I'm about to get chickens and have been doing lots of research, but I feel like I'm getting mixed messages reading all these threads. 

I'm going to get a secure coop, and put it inside a secure run (with the fence dug under the ground, rocks against the fence, all that recommended stuff). I've read threads about closing the coop door at night, and everyone says this is a MUST. However, people also say adult chickens can be left alone for a weekend, Also, I plan to let them free range outside the coop when I'm around during the day.

Questions: -If the chickens are left alone for a weekend (with food and water) just leave the coop open to the secure run?

-Is the answer the same if it is the winter? I live in the country (read: coyotes) in central NY. 

-Is it appropriate to ever leave the coop closed for a whole day?

-Do they need supervision when free ranging?

-How hard is it to get them back in the run/coop?

 

Any tips would be wonderful! Count down to baby chicks is 26 days!!!

post #2 of 7
Quote:
Originally Posted by LeahZ View Post
 

I'm about to get chickens and have been doing lots of research, but I feel like I'm getting mixed messages reading all these threads. 
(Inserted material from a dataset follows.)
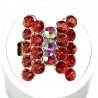 Cute Fun Love Costume Jewellery Rings, Women Girls Gift, Red Diamante Fashion Bow Ring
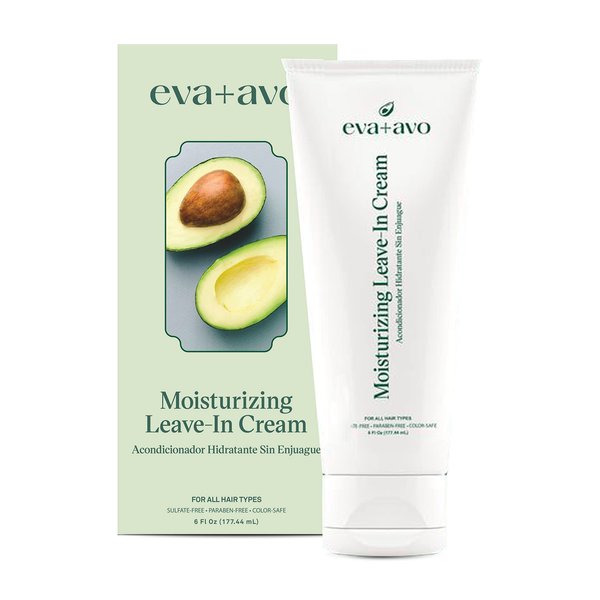 Eva + Avo Leave In Conditioner Cream – Hair Moisturizer Cream for All Hair Types – Paraben and Sulfate-Free Leave In Hair Conditioner – Hydrating Hair Treatment with Avocado and Rosemary - 1-Pack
I'm going to get a secure coop, and put it inside a secure run (with the fence dug under the ground, rocks against the fence, all that recommended stuff). I've read threads about closing the coop door at night, and everyone says this is a MUST. However, people also say adult chickens can be left alone for a weekend, Also, I plan to let them free range outside the coop when I'm around during the day.

Questions: -If the chickens are left alone for a weekend (with food and water) just leave the coop open to the secure run? Yes. I've done this several times.

-Is the answer the same if it is the winter? I live in the country (read: coyotes) in central NY. As long as the run is secure like you say, and has adequate room for the birds, there's no reason not to. Ideally the coop door is situation such that weather can't get in (rain/snow) but cold isn't a problem as long as they have non-frozen water access.

-Is it appropriate to ever leave the coop closed for a whole day? I would only do this if there was some reason the run wasn't secure or safe and make sure that the coop itself has enough room for the birds. You'll see 4 sq ft given pretty regularly as a base. That's a decision you have to make.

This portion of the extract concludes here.